● Records shown:

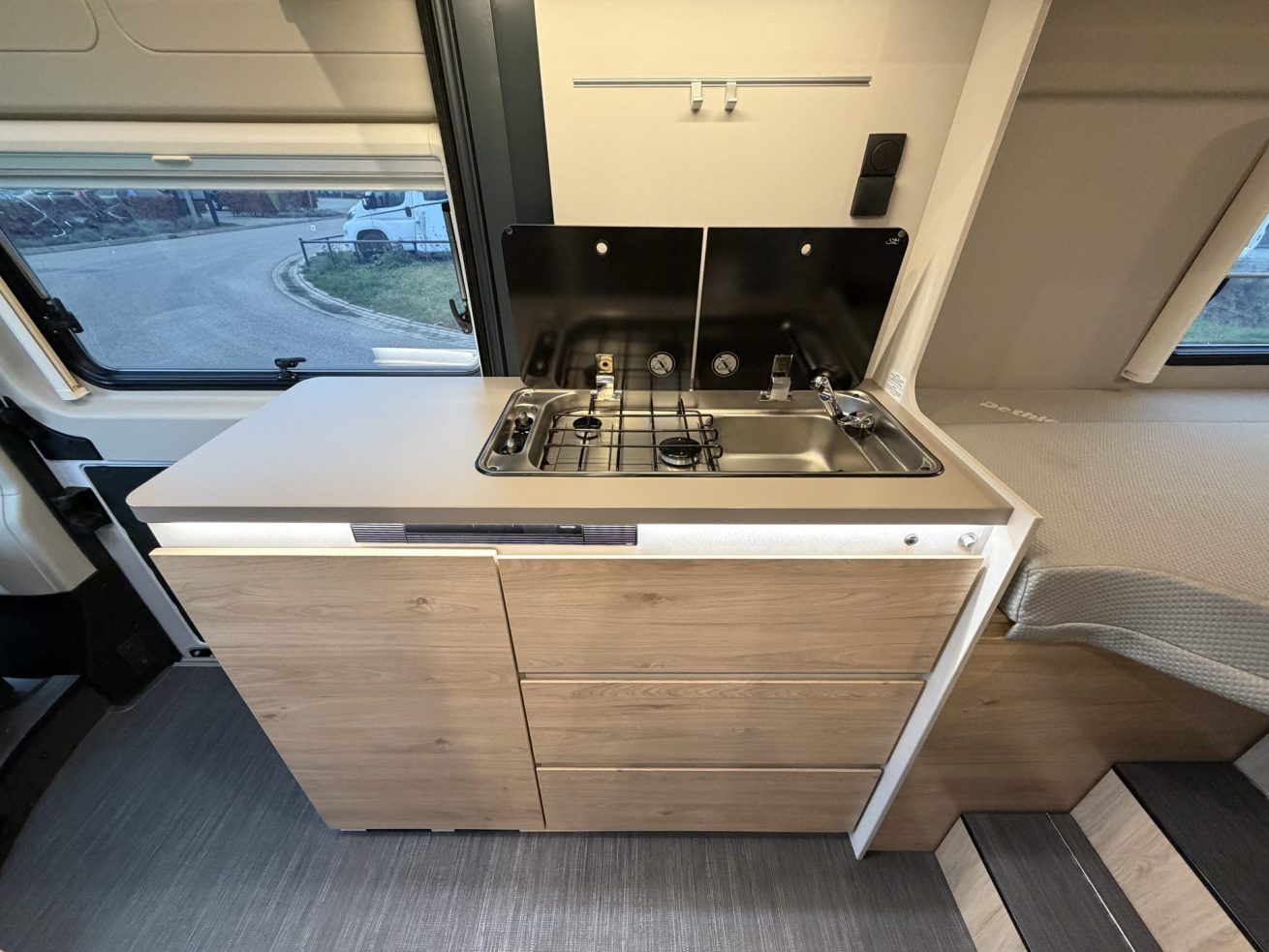 Dethleffs Globetrail (16)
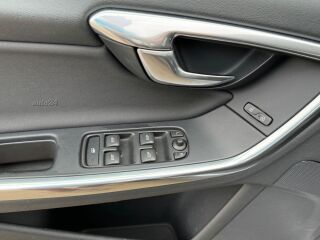 Volvo S60 4AWD 2.4 D5 151kW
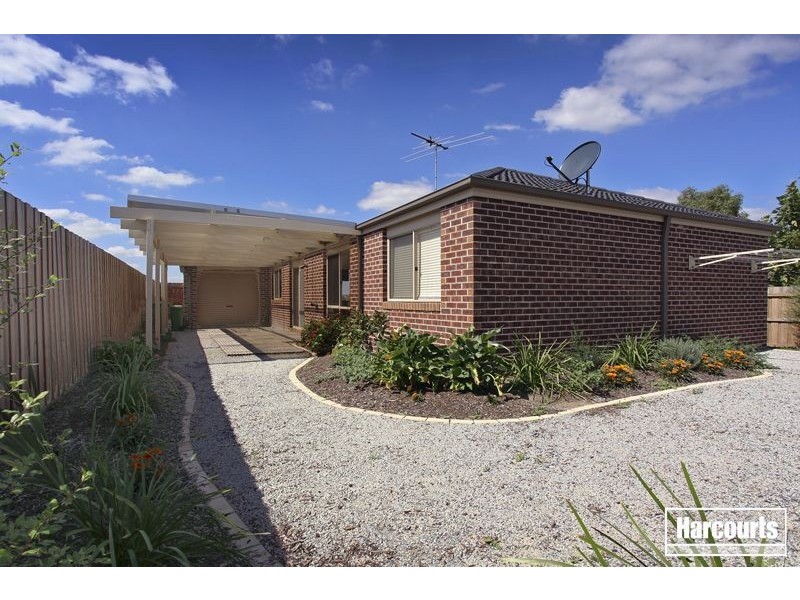 14 Sandalwood Drive, Pakenham VIC 3810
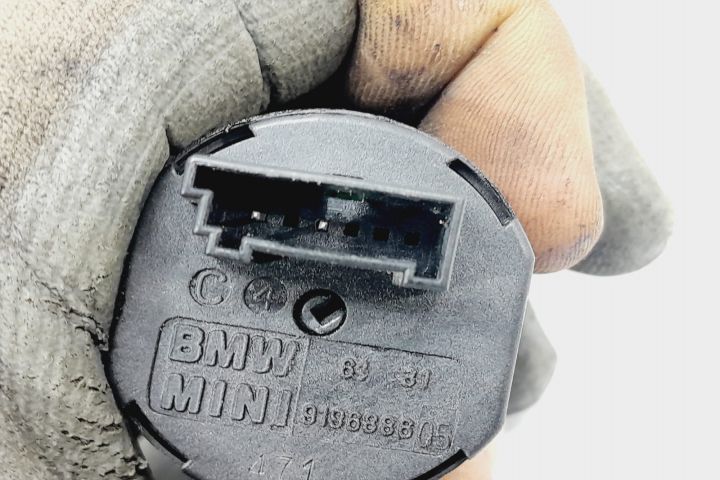 Switch airbag 919688605 BMW Seria 5 F11  [din 2009 pana  2013] seria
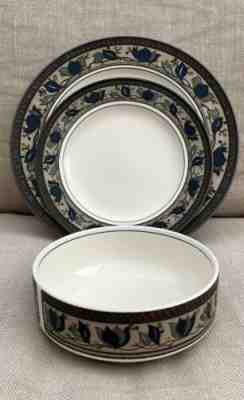 Mikasa Intaglio Arabella 4 Dinner, Salad & Bowls + Platter, Oval Veggie, Lg Bowl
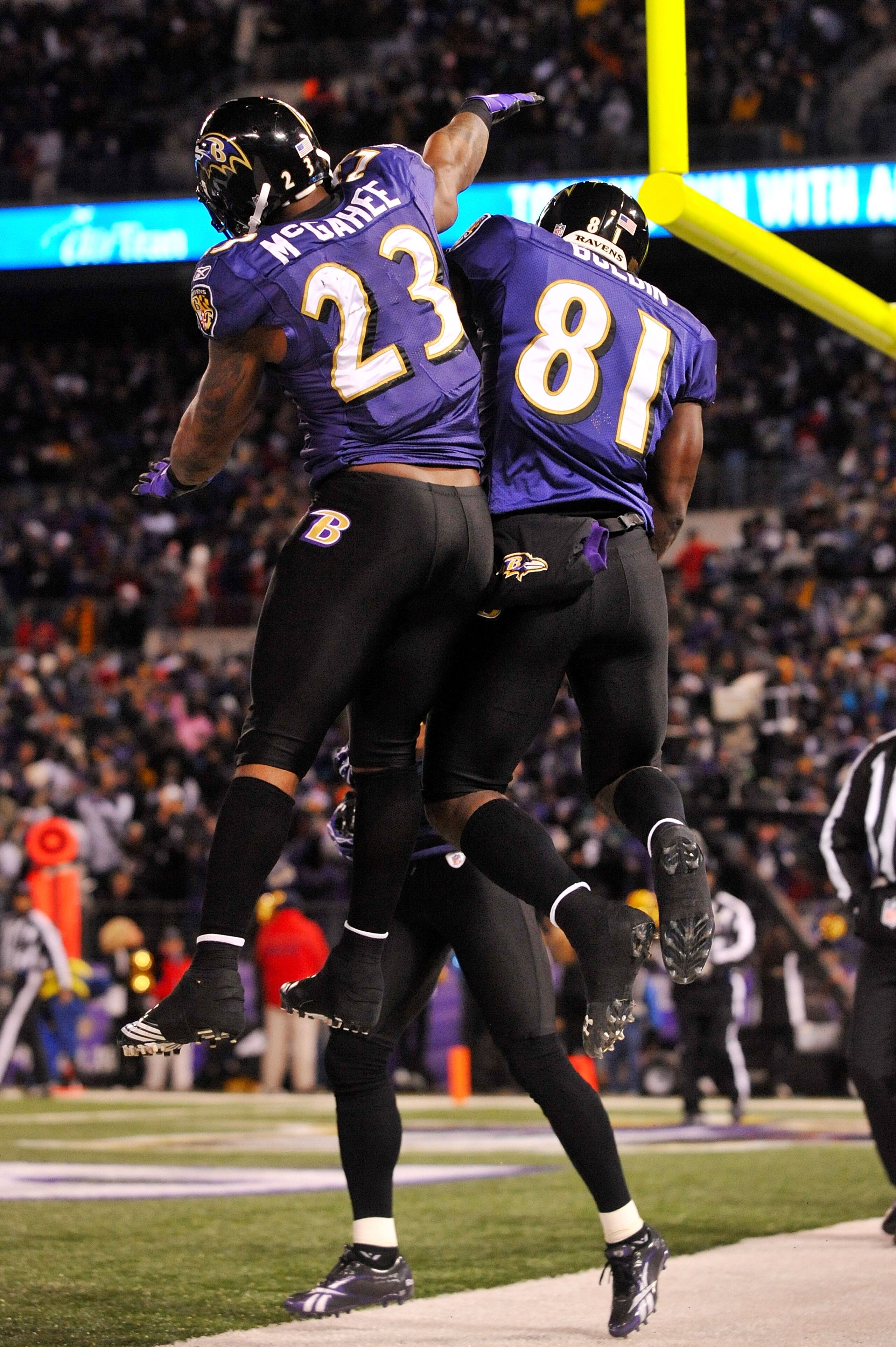 BALTIMORE, MD - DECEMBER 05: Wide receiver Anquan Boldin #81 of the Baltimore Ravens celebrates his touchdown with teammate running back Willis McGahee #23 during the first quarter of the game against the Pittsburgh Steelers at M&T Bank Stadium on Decemb BALTIMORE, MD - DECEMBER 05: Wide receiver Anquan Boldin #81 of the Baltimore Ravens celebrates his touchdown with teammate running back Willis McGahee #23 during the first quarter of the game against the Pittsburgh Steelers at M&T Bank Stadium on Decemb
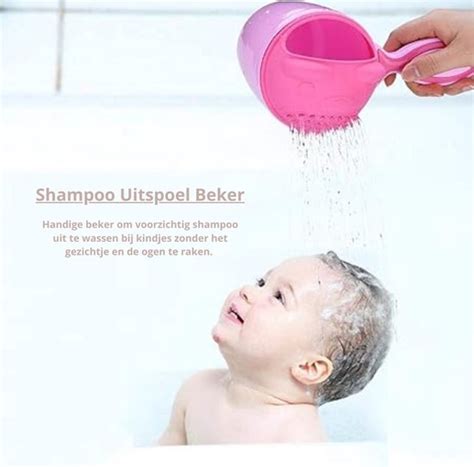 baby met schuimende haartjes in bad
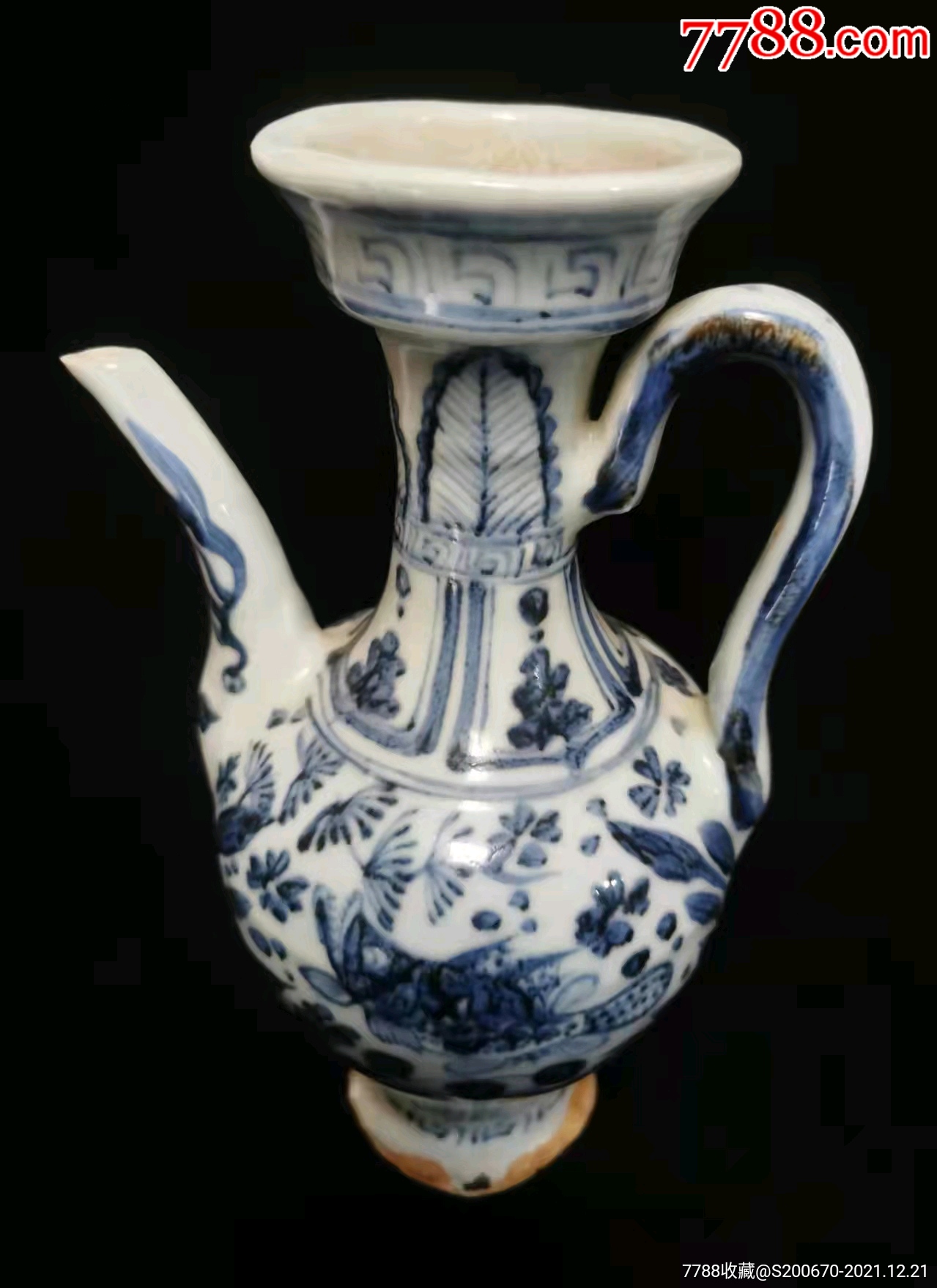 元代元青花鱼藻纹执壶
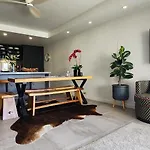 Contemporary Harbourside Apartment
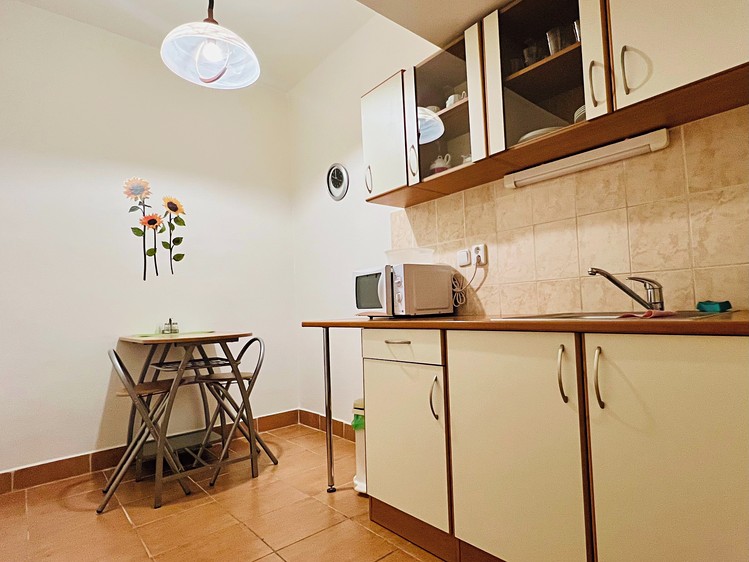 Комерційне приміщення в оренду, 16 м² (4 з 6)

● Aim of the exercise:
Verbatim reproduction of every entry is needed, with the images left out.

● Exercise solution:
 Dethleffs Globetrail (16)
 Volvo S60 4AWD 2.4 D5 151kW
 14 Sandalwood Drive, Pakenham VIC 3810
 Switch airbag 919688605 BMW Seria 5 F11  [din 2009 pana  2013] seria
 Mikasa Intaglio Arabella 4 Dinner, Salad & Bowls + Platter, Oval Veggie, Lg Bowl
 BALTIMORE, MD - DECEMBER 05: Wide receiver Anquan Boldin #81 of the Baltimore Ravens celebrates his touchdown with teammate running back Willis McGahee #23 during the first quarter of the game against the Pittsburgh Steelers at M&T Bank Stadium on Decemb BALTIMORE, MD - DECEMBER 05: Wide receiver Anquan Boldin #81 of the Baltimore Ravens celebrates his touchdown with teammate running back Willis McGahee #23 during the first quarter of the game against the Pittsburgh Steelers at M&T Bank Stadium on Decemb
 baby met schuimende haartjes in bad
 元代元青花鱼藻纹执壶
 Contemporary Harbourside Apartment
 Комерційне приміщення в оренду, 16 м² (4 з 6)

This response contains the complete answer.